Q. - n'auriez-vous pas pu faire preuve d'un peu plus de sensibilité?

R. Le client me dit que c'est un problème pour eux. Ce n'est pas quelque chose dont je peux ne pas tenir compte. Je dois examiner la question.

Q. Oui.

R. Je peux certainement comprendre que le client ne me connaît pas et qu'ils peuvent être mal à l'aise de discuter d'une question aussi personnelle avec moi, mais ce n'est pas quelque chose dont je peux ne pas tenir compte. Je dois en parler.

[26]            Un peu plus loin, de la page 33, ligne 22 à la page 34, ligne 1, l'agent a déclaré :

[traduction] Je n'ai pas pris la situation à la légère. Je devais examiner la question soulevée par le client.
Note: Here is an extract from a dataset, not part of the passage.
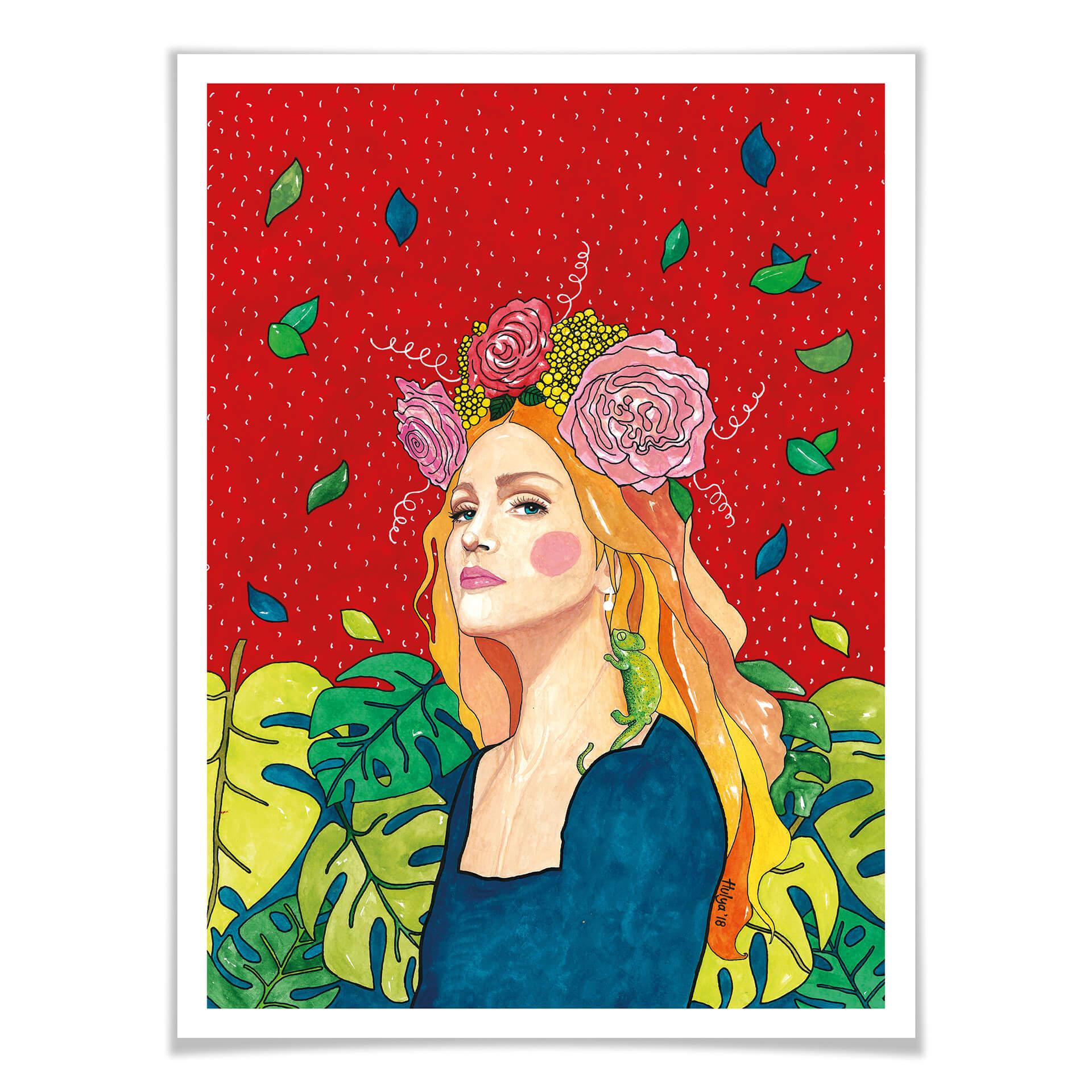 Plakat - Hülya - Madonna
Et je pense l'avoir fait de manière appropriée et professionnelle.

[27]            Lors de son contre-interrogatoire, l'agent a indiqué qu'il avait pris les trois rapports psychologiques en considération, et il n'y a aucune raison de croire qu'il a agi de manière partiale lorsqu'il a décidé de ne pas reporter le renvoi du demandeur.
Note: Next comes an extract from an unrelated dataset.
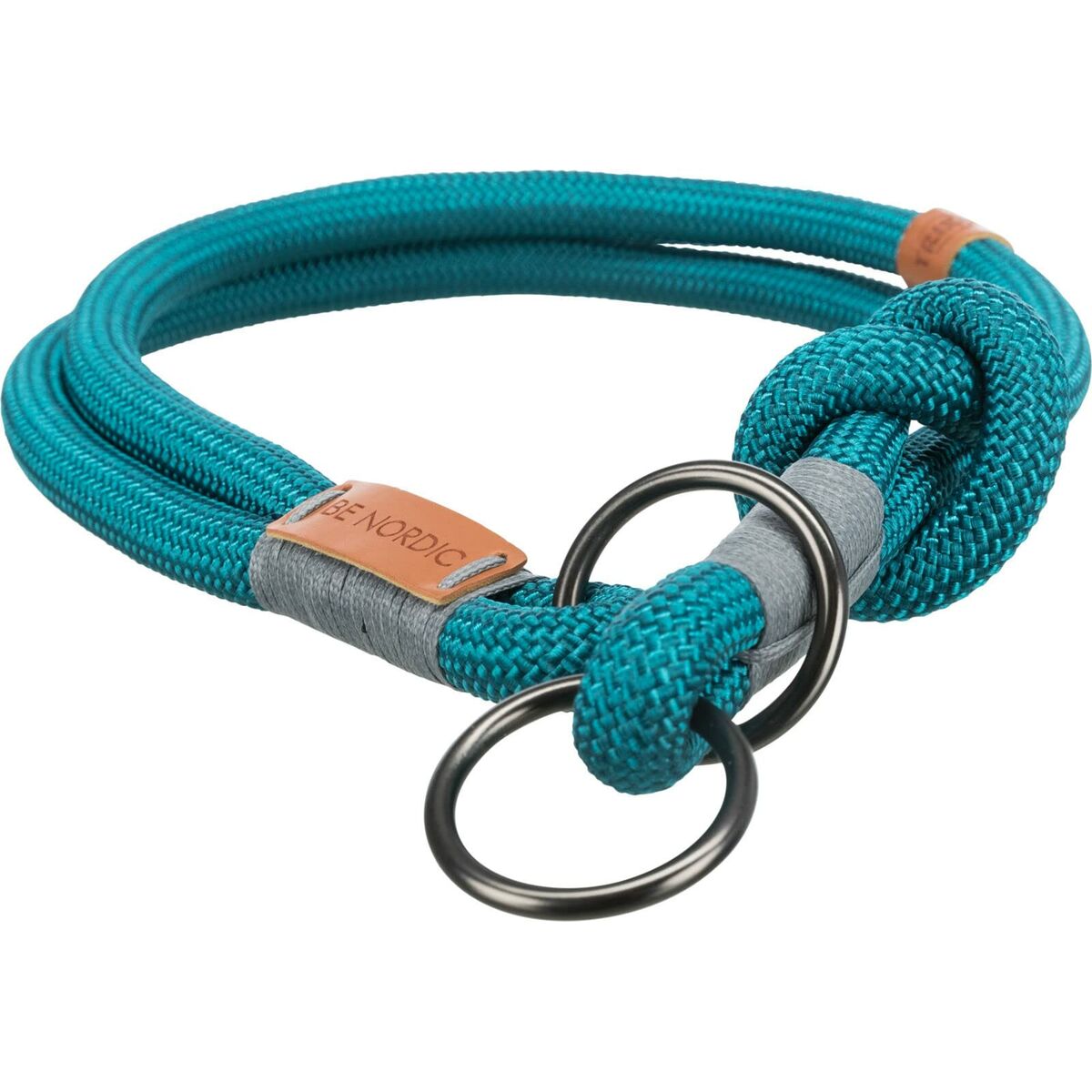 Collare da addestramento Trixie BE NORDIC Azzurro Grigio chiaro L 50 cm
[28]            Pour les motifs qui précèdent, la demande de contrôle judiciaire est rejetée.

[29]            La question suivante est certifiée :

Quelle est l'étendue et la nature du pouvoir discrétionnaire d'un agent de renvoi saisi d'une demande présentée par une personne frappée d'une mesure de renvoi valide afin que le renvoi soit reporté parce qu'une demande fondée sur des raisons d'ordre humanitaire est en instance?

« W. P. McKeown »

                                                                                                                                 Juge

Toronto (Ontario)

Le 28 novembre 2001

  

Traduction certifiée conforme

Suzanne M. Gauthier, trad. a., LL.L.


                          COUR FÉDÉRALE DU CANADA

SECTION DE PREMIÈRE INSTANCE

AVOCATS INSCRITS AU DOSSIER

   

DOSSIER :                                                        IMM-4953-00

INTITULÉ :                                                     Leonardo Boris Gonzalez Benitez

demandeur

-et-                                                          

Le ministre de la Citoyenneté et de l'Immigration

défendeur

  

LIEU DE L'AUDIENCE :                                Toronto (Ontario)
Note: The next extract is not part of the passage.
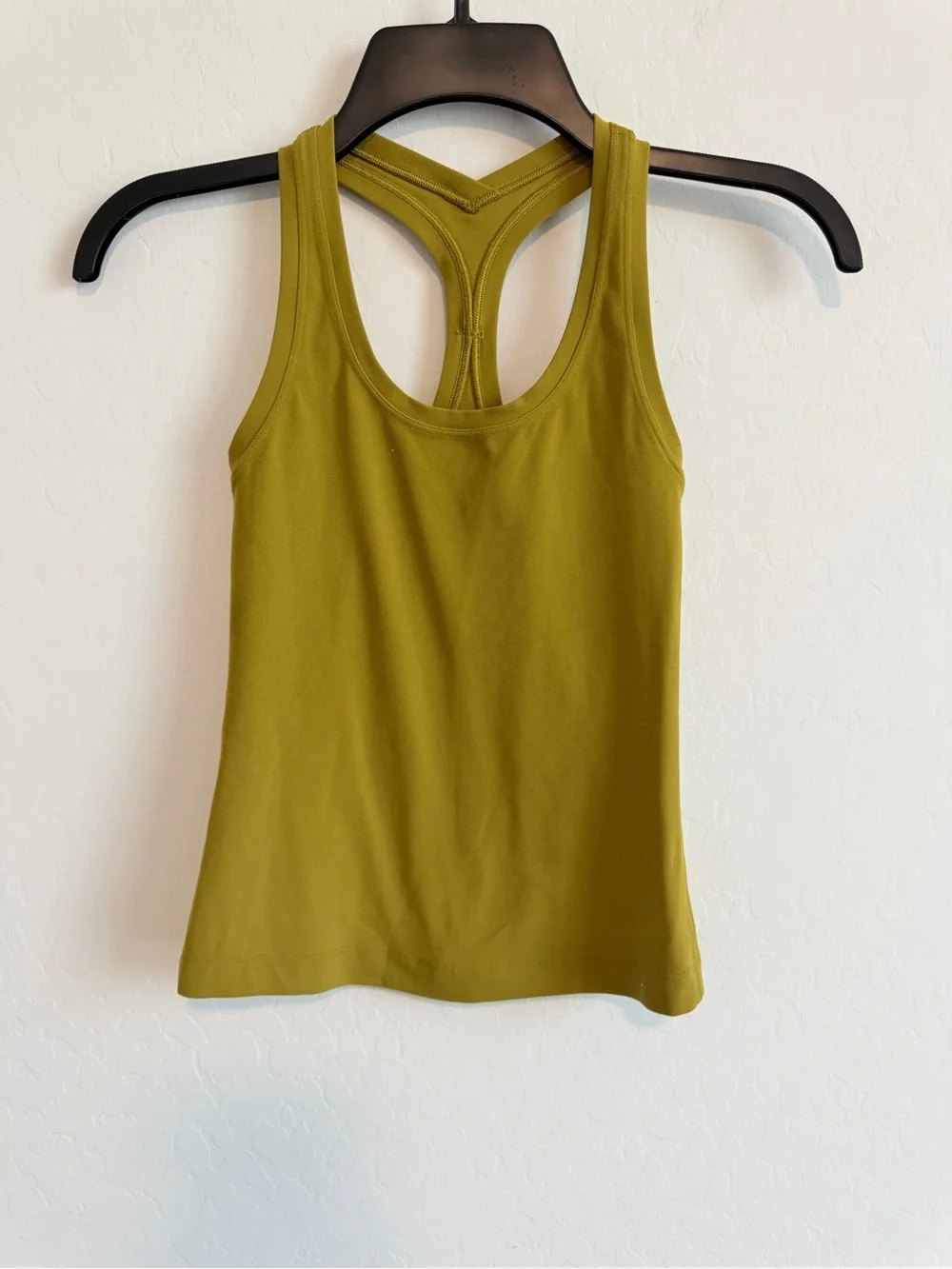Lululemon Women's Olive Tank Top Size XXS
DATE DE L'AUDIENCE :                           Le jeudi 28 juin 2001

MOTIFS DE L'ORDONNANCE :             Monsieur le juge McKeown

DATE DES MOTIFS :                                     Le mercredi 28 novembre 2001

COMPARUTIONS :

Barbara Jackman                                                                            POUR LE DEMANDEUR

Donald A. MacIntosh                                                                     POUR LE DÉFENDEUR

  

AVOCATS INSCRITS AU DOSSIER :

Jackman, Waldman & Associates                                                 POUR LE DEMANDEUR

Avocats

281, avenue Eglinton Est

Toronto (Ontario)

M4P 1L3

Morris Rosenberg

Sous-procureur général du Canada                                               POUR LE DÉFENDEUR


COUR FÉDÉRALE DU CANADA

Date : 20011128

                                                             Dossier : IMM-4953-00

Entre :

LEONARDO BORIS GONZALEZ BENITEZ

demandeur

-et-

LE MINISTRE DE LA CITOYENNETÉ ET DE L'IMMIGRATION

défendeur

                                                           

MOTIFS DE L'ORDONNANCE

                                                           


Date : 20011128

Dossier : IMM-4953-00

TORONTO (ONTARIO), LE 28 NOVEMBRE 2001

EN PRÉSENCE DE MONSIEUR LE JUGE W. P. McKEOWN

ENTRE :                                                                                      

LEONARDO BORIS GONZALEZ BENITEZ

demandeur

-et-

LE MINISTRE DE LA CITOYENNETÉ ET DE L'IMMIGRATION

défendeur

                                           ORDONNANCE

La demande de contrôle judiciaire est rejetée.

La question suivante est certifiée :

Quelle est l'étendue et la nature du pouvoir discrétionnaire d'un agent de renvoi saisi d'une demande présentée par une personne frappée d'une mesure de renvoi valide afin que le renvoi soit reporté parce qu'une demande fondée sur des raisons d'ordre humanitaire est en instance?

« W. P. McKeown »

                                                                                                                                 Juge                             

Traduction certifiée conforme

Suzanne M. Gauthier, trad. a., LL.L.